Problem ->
With the pictures excluded, retype the records that follow exactly.

[Brief descriptive captions]
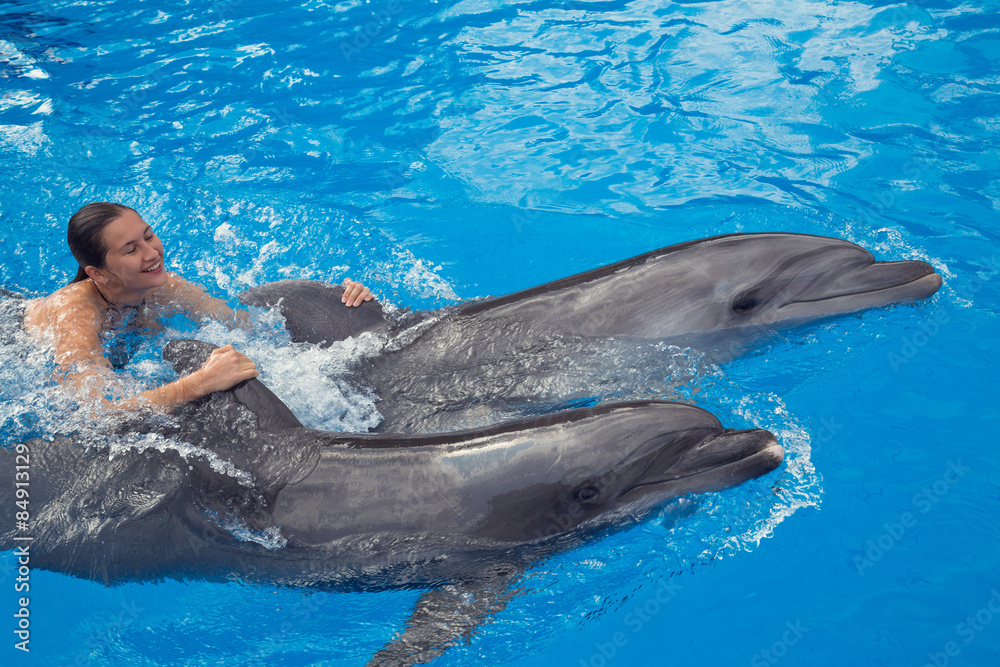 Obraz premium Girl swimming with Dolphin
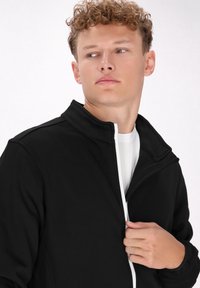 Giacca nera con zip e colletto alto, caratterizzata da dettagli bianchi sulla zip, realizzata in tessuto morbido, mostrata parzialmente aperta.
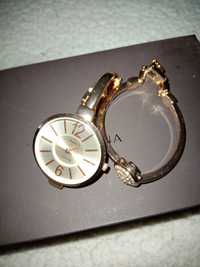 Conjunto de relógio e pulseira em aço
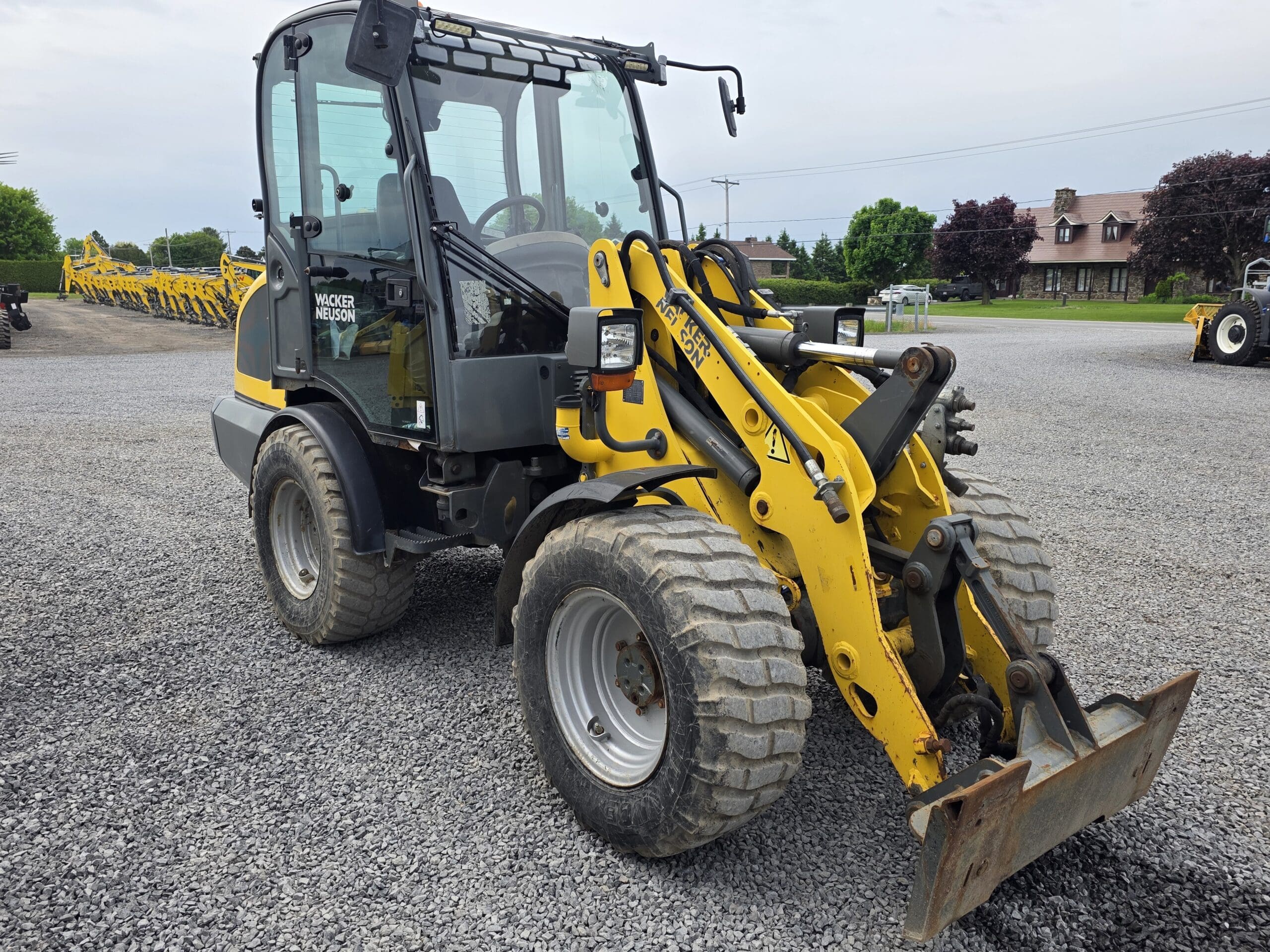 Une chargeuse compacte sur pneus jaune et noire avec un godet avant est garée sur un terrain en gravier, avec d'autres engins de construction et des arbres verts visibles en arrière-plan.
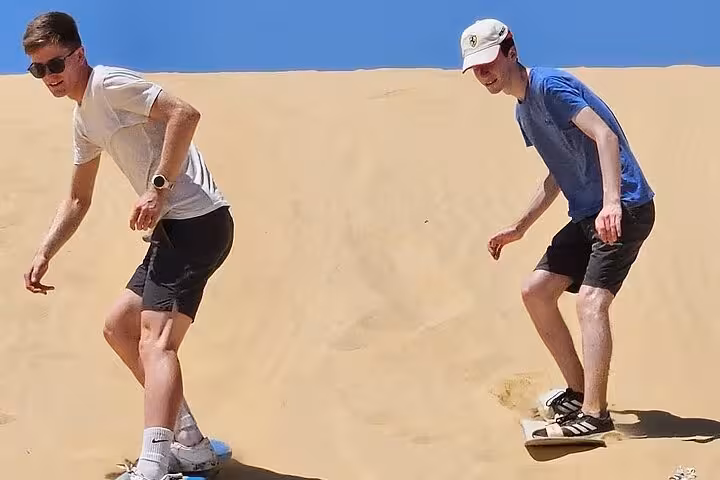 Sandboarding down Fayoum desert dunes near Magic Lake on a Cairo day trip adventure tour in Egypt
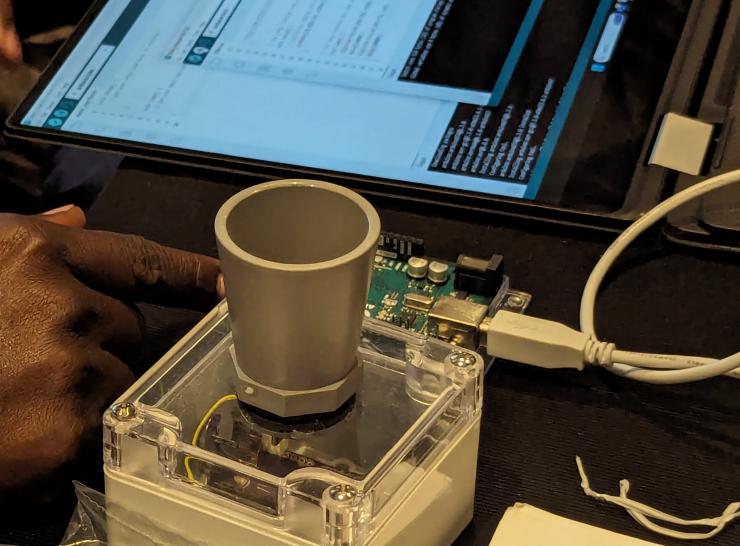 An open hardware sensor sits next to an open laptop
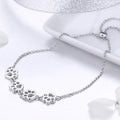 Justerbart armband i sterlingsilver med hundtassar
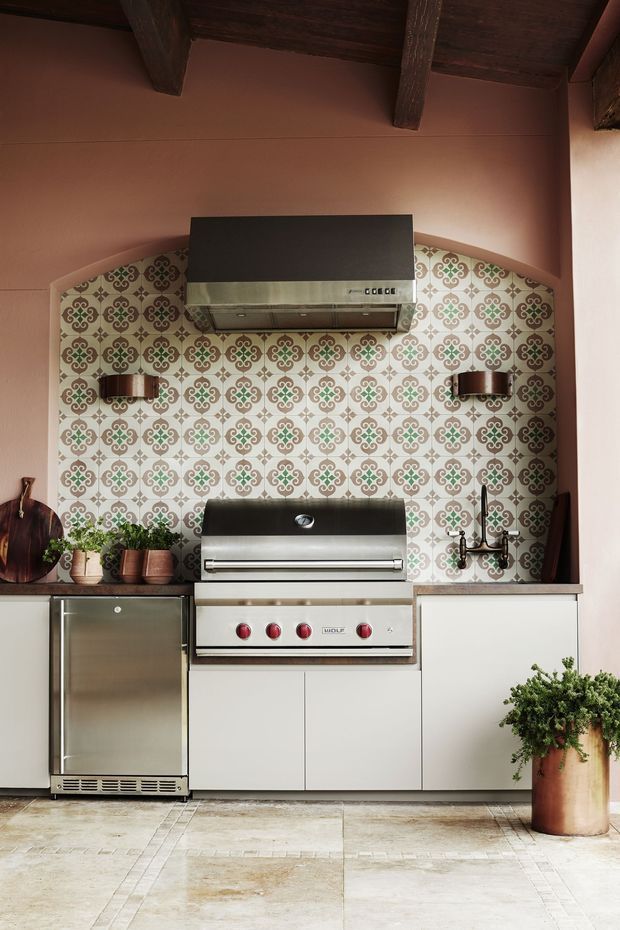 A compact built-in outdoor kitchen beneath a dark timber-beamed ceiling, featuring a stainless-steel barbecue, range hood, under-counter refrigerator, white cabinetry, and a decorative patterned tile splashback framed by warm pink plaster walls. Pale stone or porcelain paving covers the floor, with potted herbs and greenery adding an organic touch.
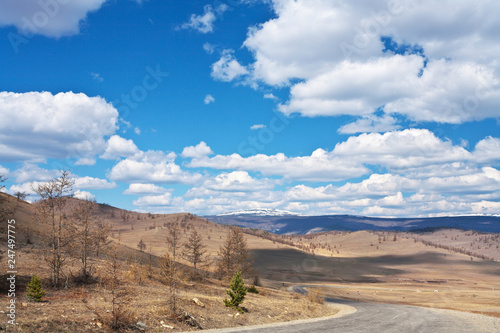 The road along the Tazheranskaya steppe to Lake Baikal. Spring landscape on the background of a beautiful sky with cumulus clouds © Katvic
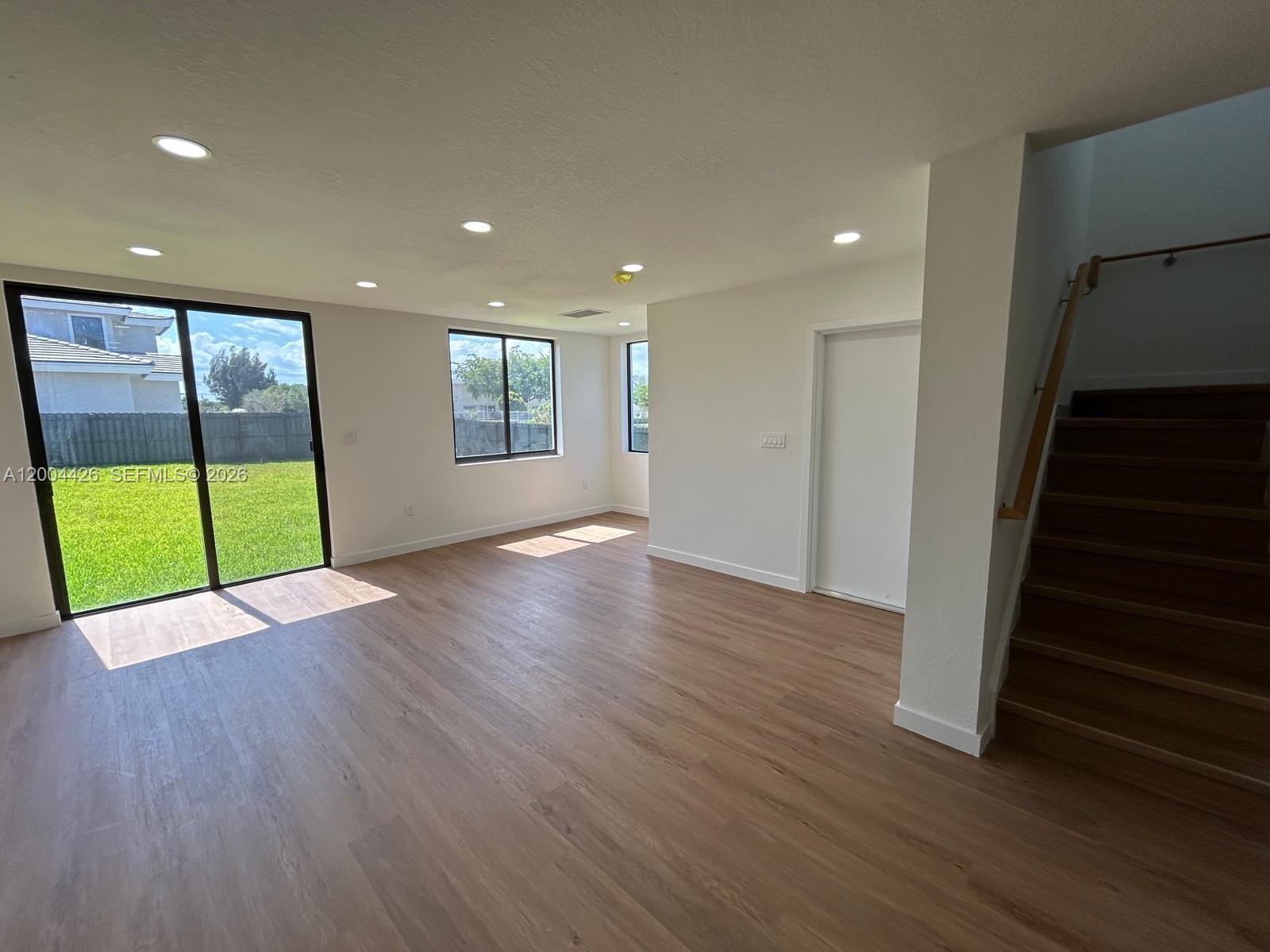An open-concept kitchen with gray cabinets and stainless steel appliances overlooks a living area — 12556 SW 194th St # 0, Miami FL 33177, MIAMI, FL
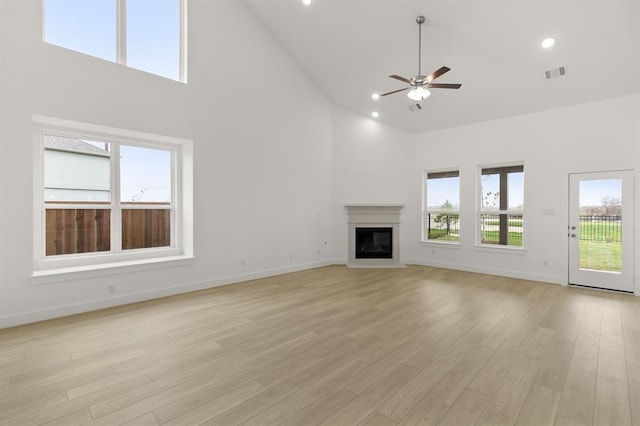 unfurnished living room featuring ceiling fan, visible vents, high vaulted ceiling, baseboards, and a glass covered fireplace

Reply ->
 Obraz premium Girl swimming with Dolphin
 Giacca nera con zip e colletto alto, caratterizzata da dettagli bianchi sulla zip, realizzata in tessuto morbido, mostrata parzialmente aperta.
 Conjunto de relógio e pulseira em aço
 Une chargeuse compacte sur pneus jaune et noire avec un godet avant est garée sur un terrain en gravier, avec d'autres engins de construction et des arbres verts visibles en arrière-plan.
 Sandboarding down Fayoum desert dunes near Magic Lake on a Cairo day trip adventure tour in Egypt
 An open hardware sensor sits next to an open laptop
 Justerbart armband i sterlingsilver med hundtassar
 A compact built-in outdoor kitchen beneath a dark timber-beamed ceiling, featuring a stainless-steel barbecue, range hood, under-counter refrigerator, white cabinetry, and a decorative patterned tile splashback framed by warm pink plaster walls. Pale stone or porcelain paving covers the floor, with potted herbs and greenery adding an organic touch.
 The road along the Tazheranskaya steppe to Lake Baikal. Spring landscape on the background of a beautiful sky with cumulus clouds © Katvic
An open-concept kitchen with gray cabinets and stainless steel appliances overlooks a living area — 12556 SW 194th St # 0, Miami FL 33177, MIAMI, FL
 unfurnished living room featuring ceiling fan, visible vents, high vaulted ceiling, baseboards, and a glass covered fireplace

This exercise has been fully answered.